The European Commission has forecast that EU27 trade will decline by up to 16 percent overall in 2020. And after the economic and social consequences of the pandemic, it remains to be seen whether European trade partners will still see Africa as the land of opportunity they had before or whether the new risk landscape may prove less hospitable.
For all the challenges, however, there is some reason for optimism. Indeed, African countries have, to date, performed admirably in managing the social effects of the virus. Certainly, past experience of dealing with pandemics meant governments had the foresight to intervene early and contain the spread of the virus. The coordinated introduction of travel restrictions and localised lockdowns proved effective in preventing the already pressured health infrastructure on the continent from becoming overwhelmed.
Focus begins to shift to economic consequences
Testament to Africa’s well-managed response to the COVID-19 outbreak is how soon the gaze has turned to addressing the economic ramifications of the crisis. Certainly, in this regard, the impacts have already been sizeable. With the slowdown in trade, export-heavy economies suffered large economic contractions, even from the early stages of the outbreak. Instability in the global commodity market in recent months has not helped either.
With many of the region’s economies, such as Algeria, Libya and Nigeria, reliant on the export of oil, the slump in oil prices – which reached negative figures in mid-April – piled additional pressure onto African economies. Nigeria’s exports plummeted by 40 percent in April, for instance. Indeed, so far during the crisis, the automotive and energy industries – both of which many African countries have a large market share – have taken the largest hit across all sectors, with trade dropping by 41 percent and 44 percent respectively from the first quarter of 2020 into April.
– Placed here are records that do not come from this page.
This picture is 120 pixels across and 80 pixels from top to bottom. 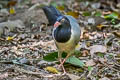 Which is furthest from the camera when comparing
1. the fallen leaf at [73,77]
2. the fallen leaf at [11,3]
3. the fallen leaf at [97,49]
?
the fallen leaf at [11,3]

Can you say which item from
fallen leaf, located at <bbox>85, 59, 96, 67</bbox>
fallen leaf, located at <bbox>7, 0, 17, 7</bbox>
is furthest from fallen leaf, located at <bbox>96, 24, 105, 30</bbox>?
fallen leaf, located at <bbox>7, 0, 17, 7</bbox>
This, of course, has occasioned a knock-on effect on available foreign exchange reserves, which were already in scarce supply for many countries in Africa. With some 41 currencies serving the region – many being illiquid or rarely-traded – inconvertibility of local tender has long stood in the way of trade growth in the region, particularly as the majority of cross-border trade, both intra- and extra-regionally, relies on hard currencies to complete.
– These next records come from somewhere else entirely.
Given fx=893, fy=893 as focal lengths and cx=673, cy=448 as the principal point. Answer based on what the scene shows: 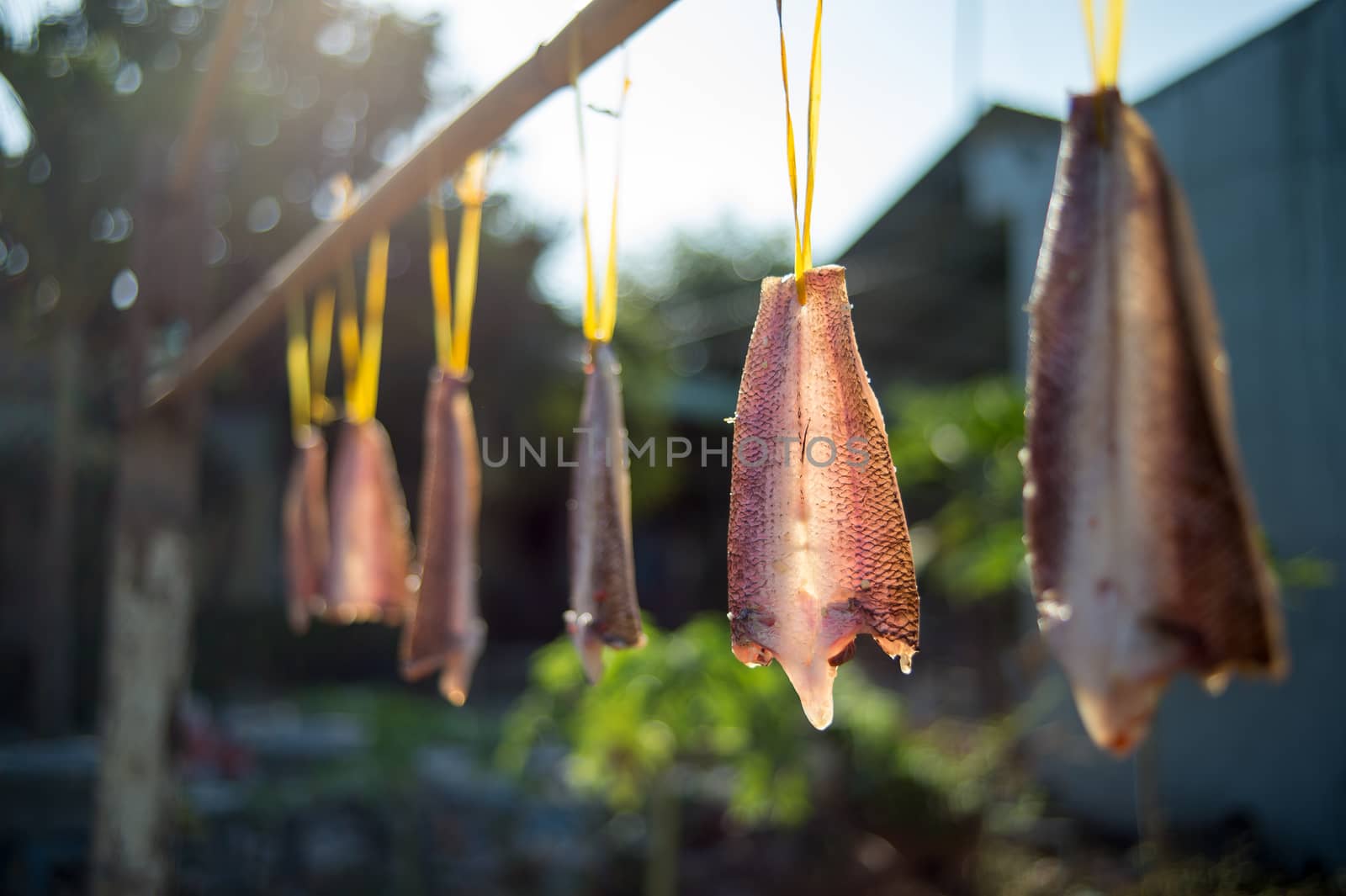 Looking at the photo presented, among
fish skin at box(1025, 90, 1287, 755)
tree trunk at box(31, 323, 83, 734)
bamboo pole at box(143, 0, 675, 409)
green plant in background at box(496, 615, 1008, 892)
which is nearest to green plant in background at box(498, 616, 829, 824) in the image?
green plant in background at box(496, 615, 1008, 892)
During the crisis, the import of essential goods, such as food and medical supplies, became a national imperative and put further pressure on already scarce reserves, leading to some African countries denying liquidity on trades of ‘non-essential’ goods. In developing countries – and especially in many export-heavy African economies – declines in exports are usually driven by a drop in global demand, whereas declines in imports instead signal growing levels of economic stress, including exchange rate movements, debt concerns and shortages of foreign currencies.
These shifts in trading habits dramatically altered trade flows in the Europe-Africa trade corridor, but for those that remained committed to doing business with Africa, logistical challenges to business continuity also stood in the way. New risks were introduced with the need to implement a largescale and rapid migration to remote working arrangements and, in the case of trade finance, adopt digital alternatives in an industry that had long been reliant on paper-based processes. Many African financial institutions defied expectations in this regard, acting fast to implement contingency plans that also helped to keep trade – particularly of commodities – moving as much as possible.
Increased risk of defaults on letters of credit were flagged as a potential consequence of the pandemic-induced disruption, particularly at the start of the crisis. Thankfully, concerns around this have yet proved unfounded. Payments, in some instances, have been delayed, but industry practitioners are all too aware of the longer-term risks attached to defaulting. The market has a long memory and could withhold financing from offending companies a long way into the future.
Trade remains key to recovery
In addition to practical challenges, the crisis has raised concerns about a shift in perception around global trade relations, with some countries resorting to protectionist policies with the aim of safeguarding national interests. This has been particularly noticeable in the movement of pharmaceutical and medical hygiene products throughout the crisis, which left some African countries cut off, according to the head of the African Centres for Disease Control and Prevention.
But to rail against globalisation would be unwise. Trade will be key to global economic recovery, and nowhere more so than between Europe and Africa, a trade corridor that had, pre-pandemic, been showing great signs of growth. In fact, in March this year, the EU published its ‘Comprehensive Strategy with Africa’, a progressive roadmap outlining future collaboration in a range of areas, including trade, digitalisation and sustainability. The EU-African Union (AU) Summit is also still scheduled to take place in October and the future partnership remains the planned focus. Making good on these pledges would reap substantial benefits for both regions in the long run and create new opportunities to recover growth lost during the crisis.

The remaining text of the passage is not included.